**Exercise brief:**
If pictures appear among the lines below, leave them out while you return exactly the lines from the one with "Póster Scandinavian Circle" through the one with "Chanel Classic Flap".

**Stored records:**
----------------------------------------

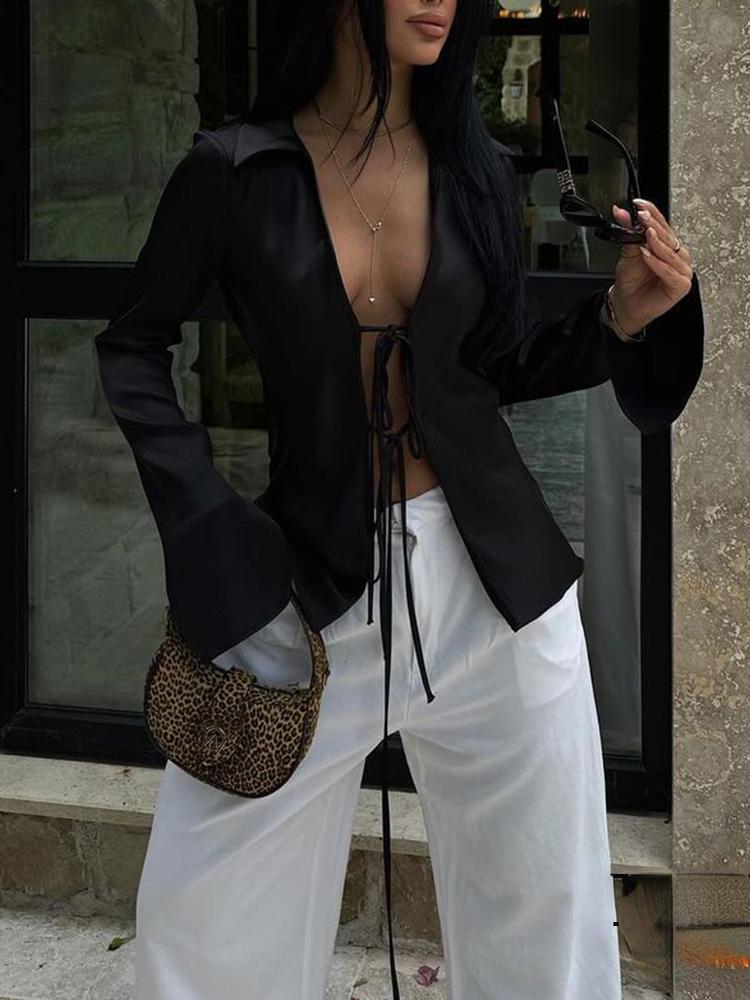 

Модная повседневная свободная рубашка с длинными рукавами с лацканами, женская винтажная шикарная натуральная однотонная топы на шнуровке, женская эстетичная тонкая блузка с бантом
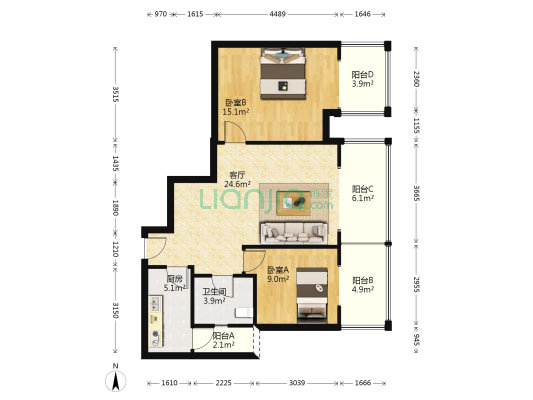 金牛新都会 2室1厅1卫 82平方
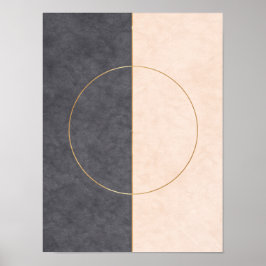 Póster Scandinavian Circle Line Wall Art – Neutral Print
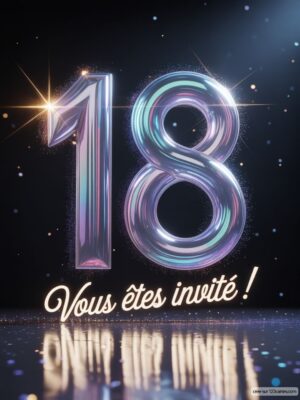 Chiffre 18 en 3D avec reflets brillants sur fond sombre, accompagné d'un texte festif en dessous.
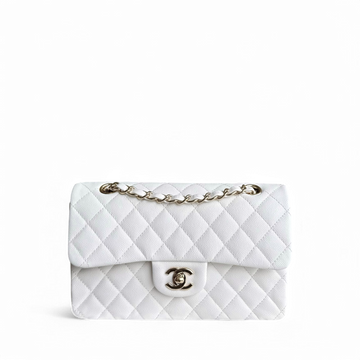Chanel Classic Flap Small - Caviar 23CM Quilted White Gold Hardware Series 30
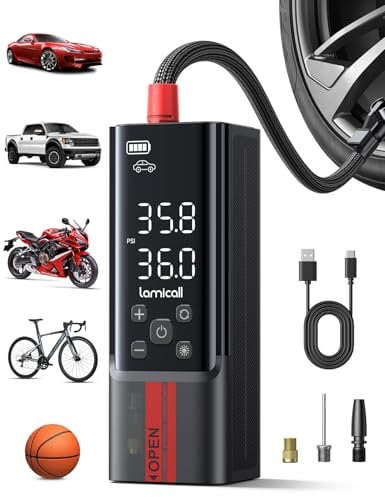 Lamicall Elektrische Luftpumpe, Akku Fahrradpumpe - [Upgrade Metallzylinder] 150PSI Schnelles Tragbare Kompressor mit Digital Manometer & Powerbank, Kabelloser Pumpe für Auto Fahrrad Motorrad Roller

----------------------------------------

**Answer to this problem:**
 Póster Scandinavian Circle Line Wall Art – Neutral Print
 Chiffre 18 en 3D avec reflets brillants sur fond sombre, accompagné d'un texte festif en dessous.
Chanel Classic Flap Small - Caviar 23CM Quilted White Gold Hardware Series 30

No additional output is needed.